_Task description_
Word for word, copy the lines from the one with "Elegant Vintage |" to the last line of the data below, counting both, and keep every picture out.

+ + +

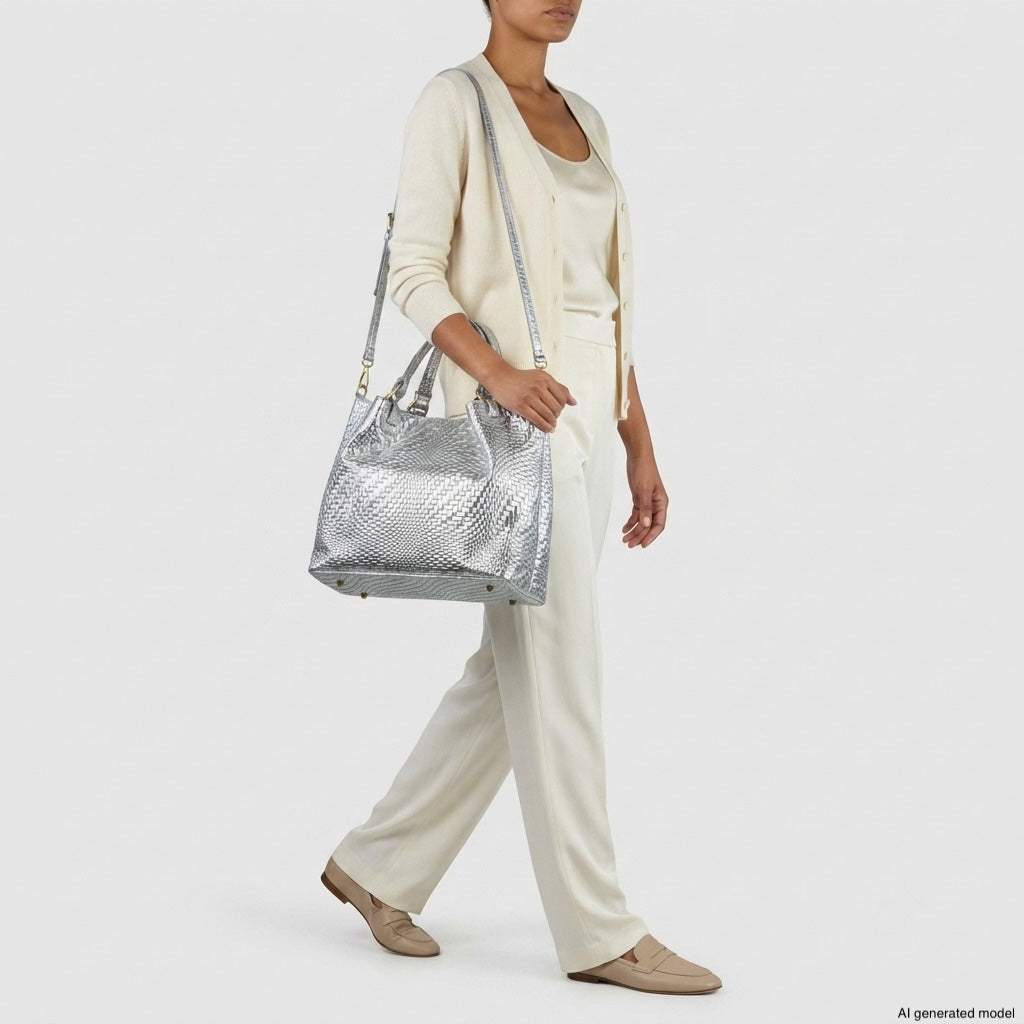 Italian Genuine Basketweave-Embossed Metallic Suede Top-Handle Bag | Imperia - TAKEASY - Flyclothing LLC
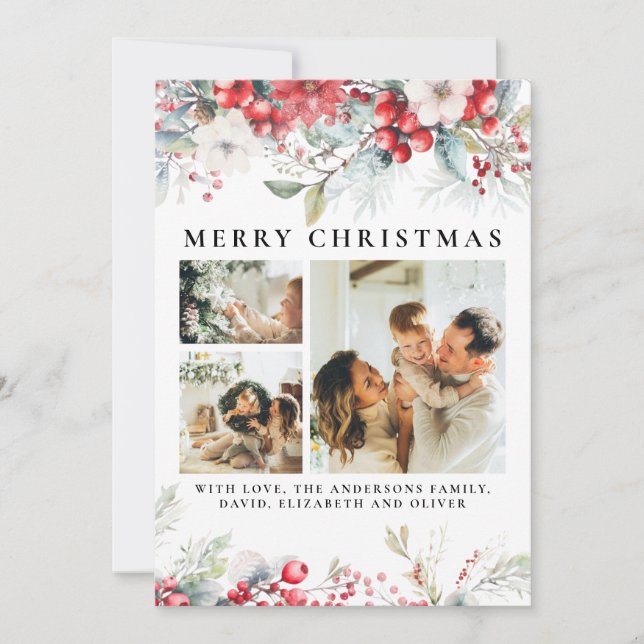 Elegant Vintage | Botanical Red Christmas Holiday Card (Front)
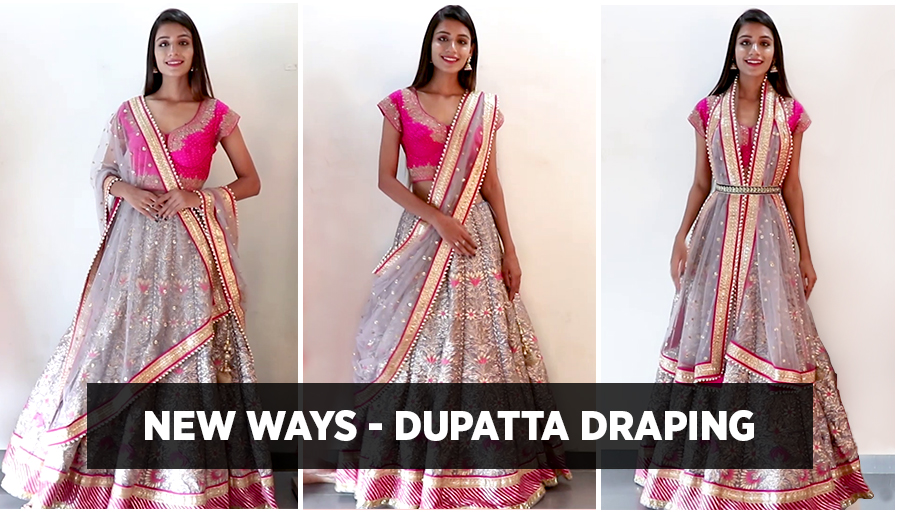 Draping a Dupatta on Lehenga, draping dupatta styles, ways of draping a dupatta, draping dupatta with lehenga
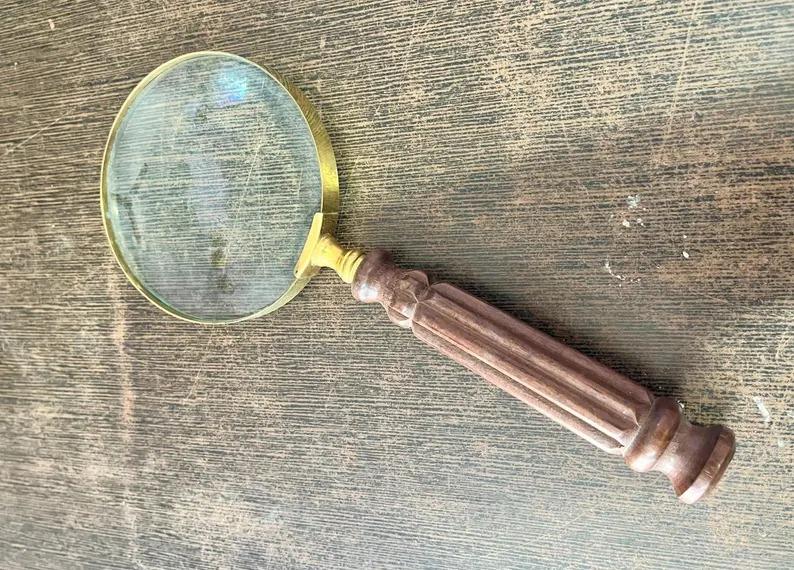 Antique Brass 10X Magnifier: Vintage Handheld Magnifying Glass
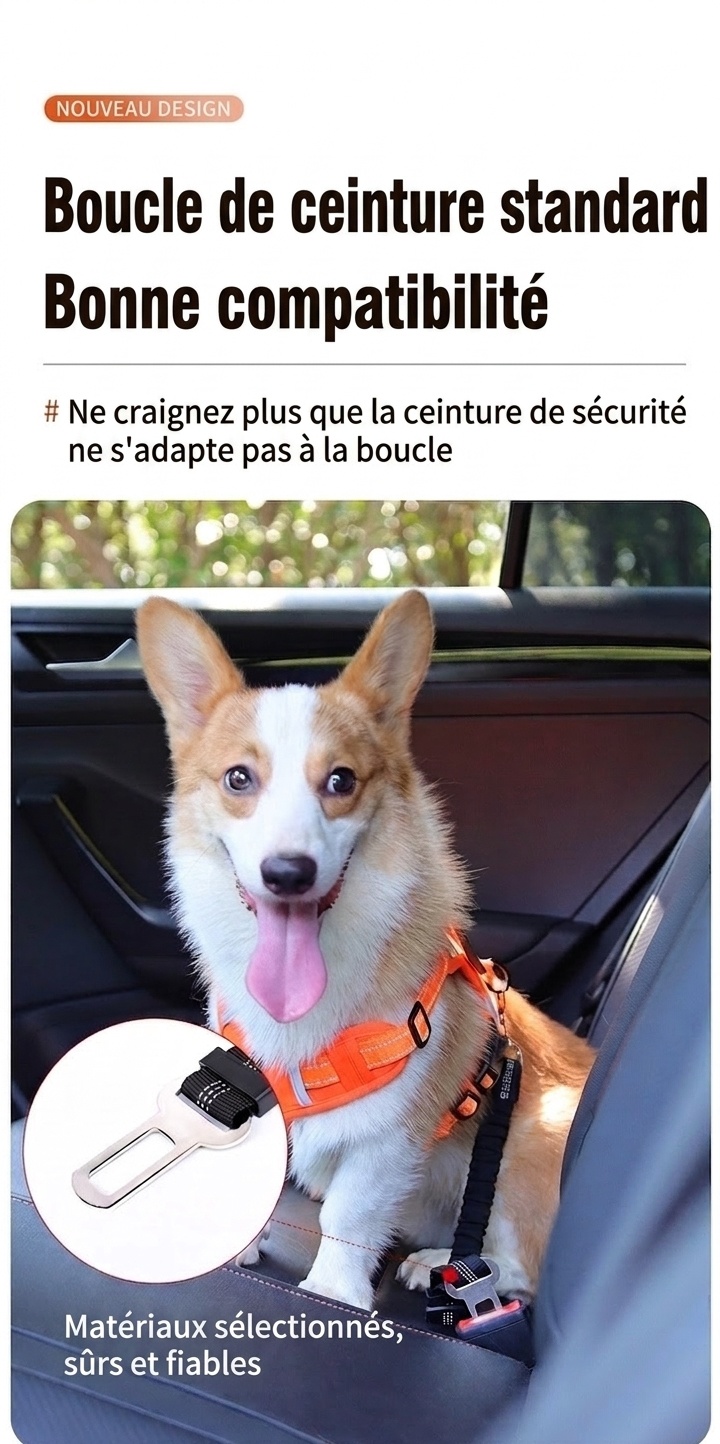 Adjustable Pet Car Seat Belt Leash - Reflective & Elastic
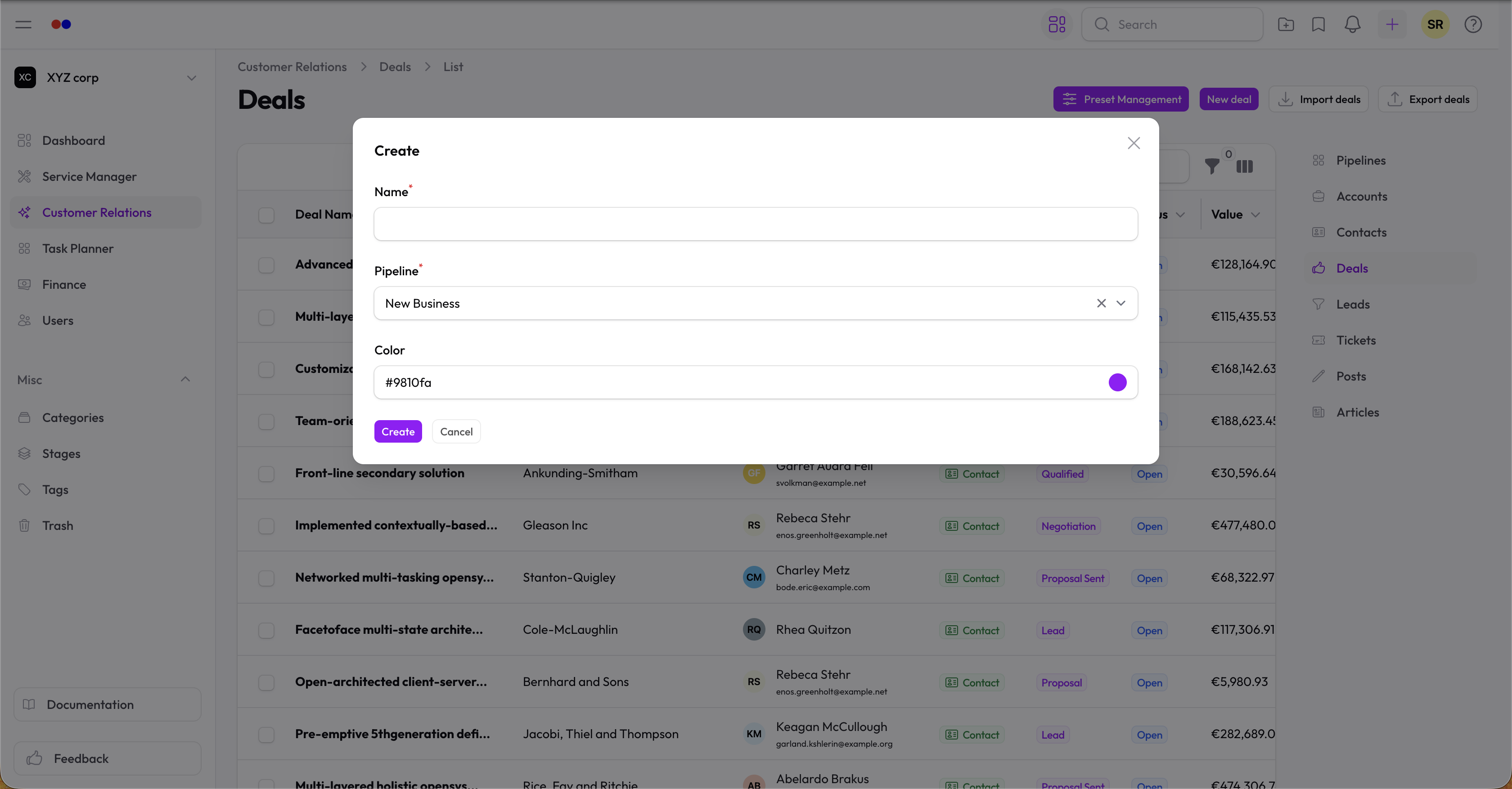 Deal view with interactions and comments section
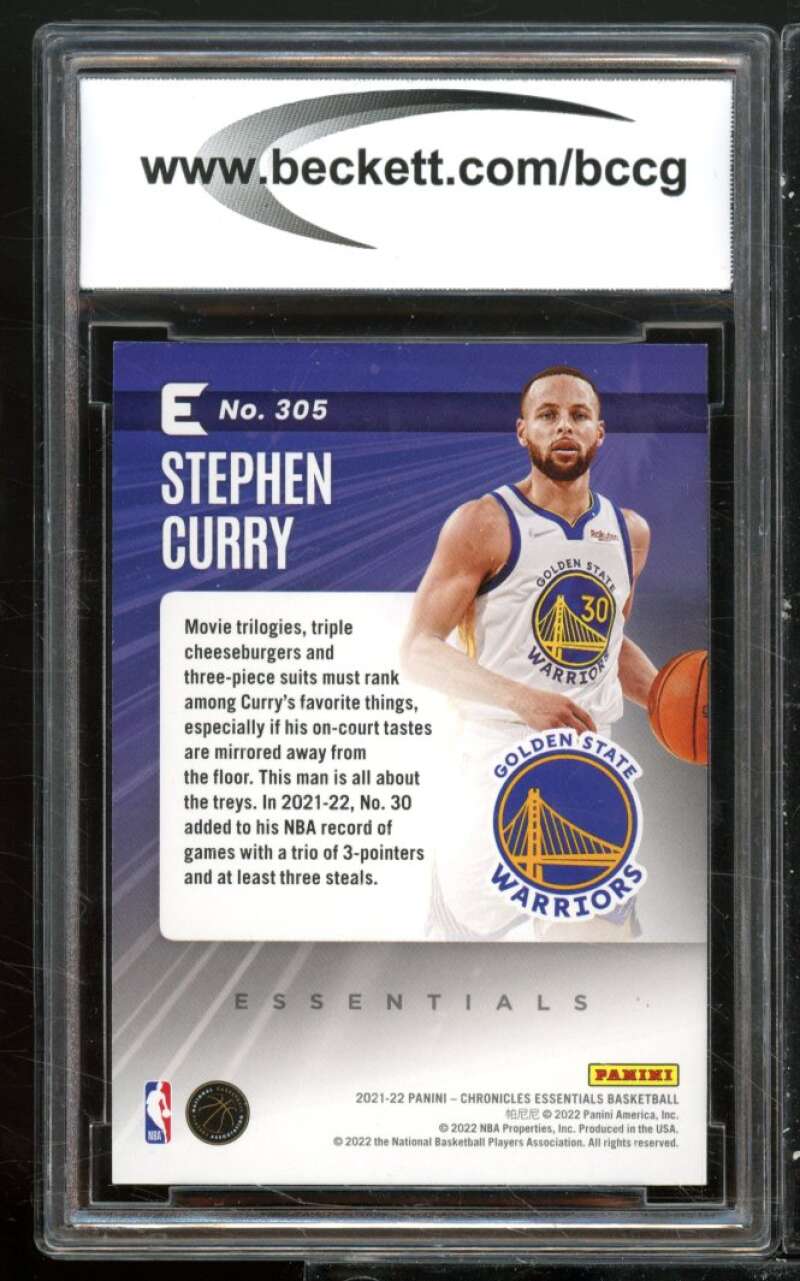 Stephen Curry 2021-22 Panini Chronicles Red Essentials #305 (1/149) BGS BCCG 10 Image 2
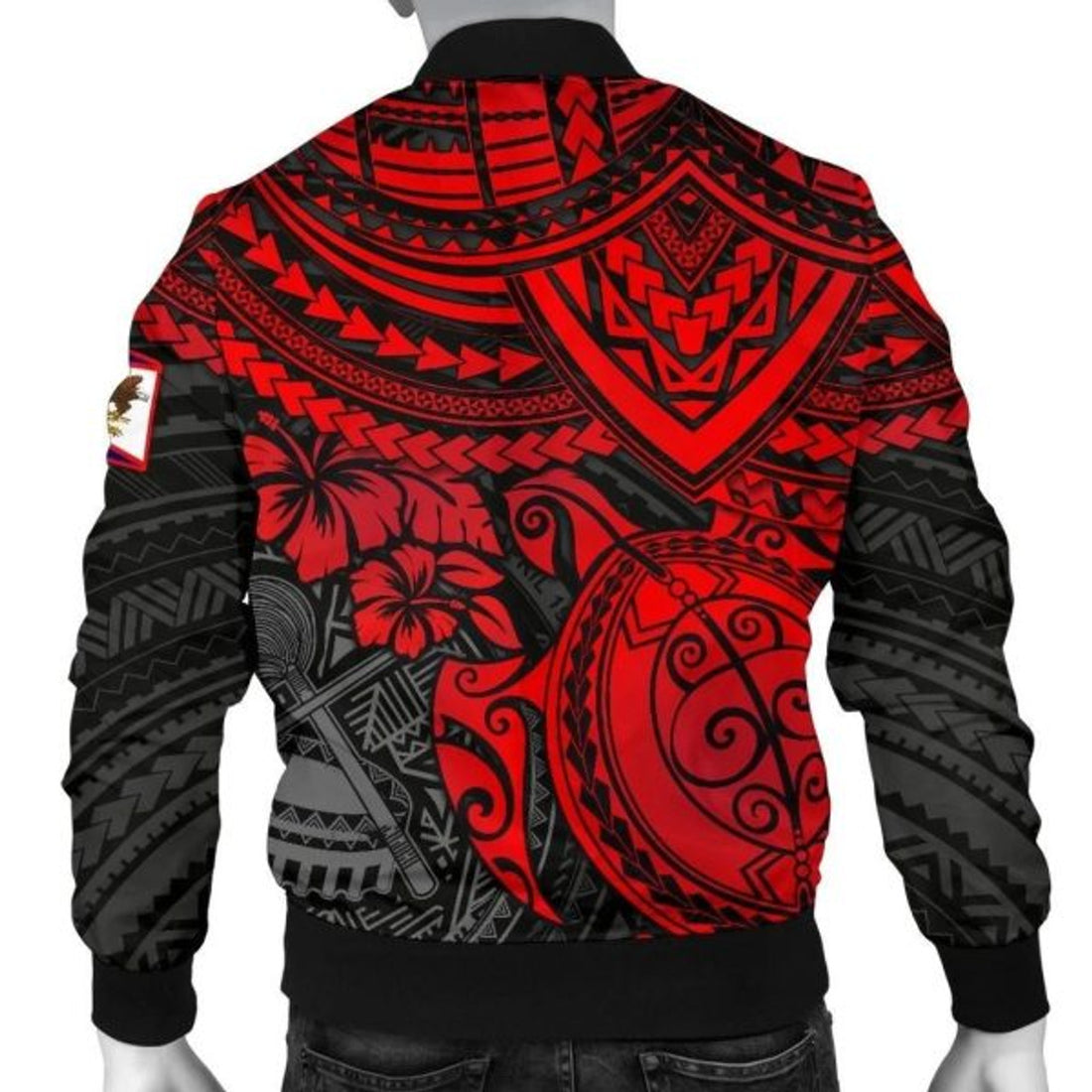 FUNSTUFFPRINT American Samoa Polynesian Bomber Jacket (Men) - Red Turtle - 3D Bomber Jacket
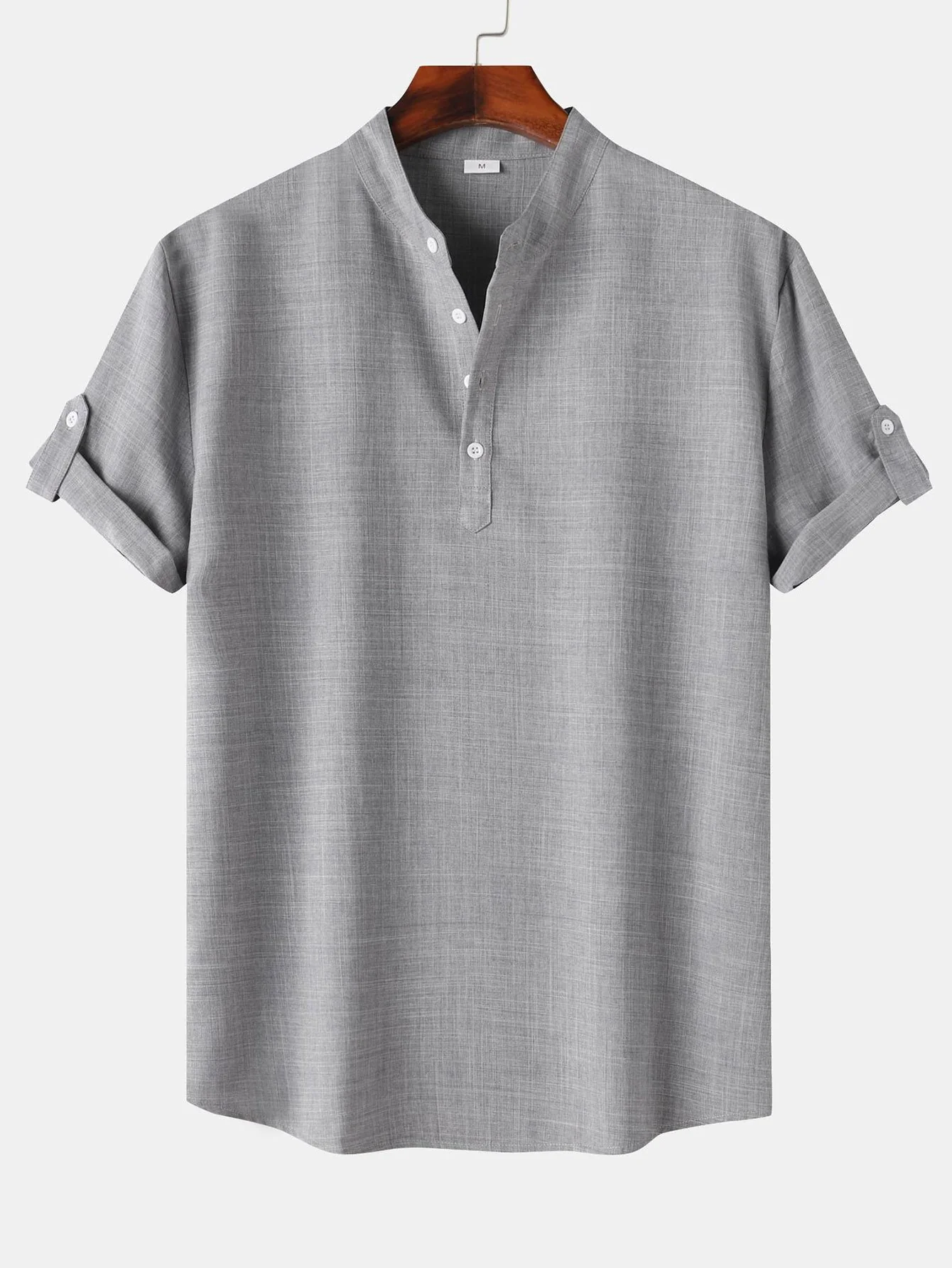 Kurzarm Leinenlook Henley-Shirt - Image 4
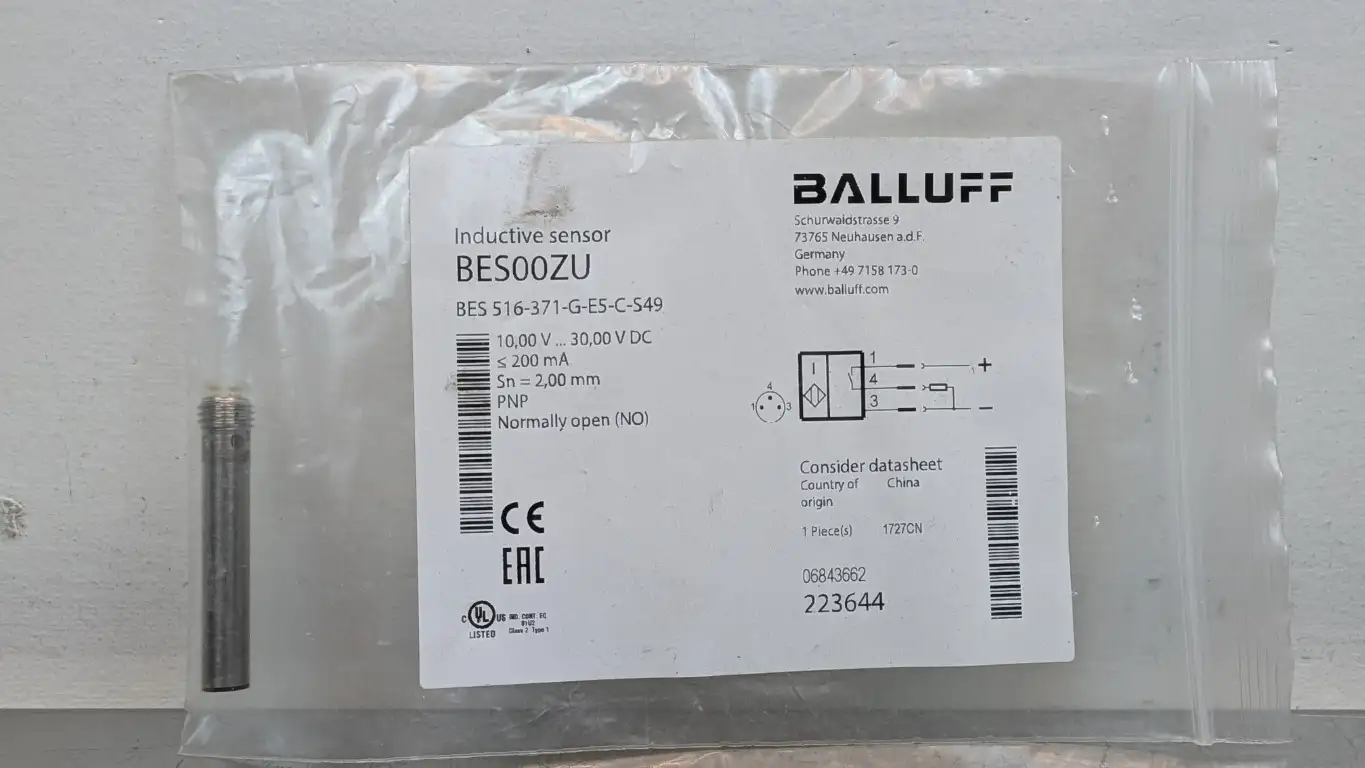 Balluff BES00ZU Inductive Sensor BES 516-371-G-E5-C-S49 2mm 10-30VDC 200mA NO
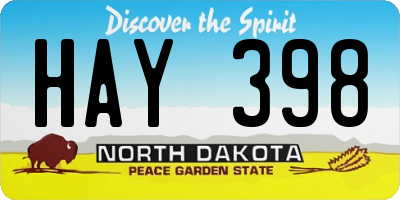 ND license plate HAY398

+ + +

_Response area_
 Elegant Vintage | Botanical Red Christmas Holiday Card (Front)
 Draping a Dupatta on Lehenga, draping dupatta styles, ways of draping a dupatta, draping dupatta with lehenga
 Antique Brass 10X Magnifier: Vintage Handheld Magnifying Glass
 Adjustable Pet Car Seat Belt Leash - Reflective & Elastic
 Deal view with interactions and comments section
 Stephen Curry 2021-22 Panini Chronicles Red Essentials #305 (1/149) BGS BCCG 10 Image 2
 FUNSTUFFPRINT American Samoa Polynesian Bomber Jacket (Men) - Red Turtle - 3D Bomber Jacket
 Kurzarm Leinenlook Henley-Shirt - Image 4
 Balluff BES00ZU Inductive Sensor BES 516-371-G-E5-C-S49 2mm 10-30VDC 200mA NO
 ND license plate HAY398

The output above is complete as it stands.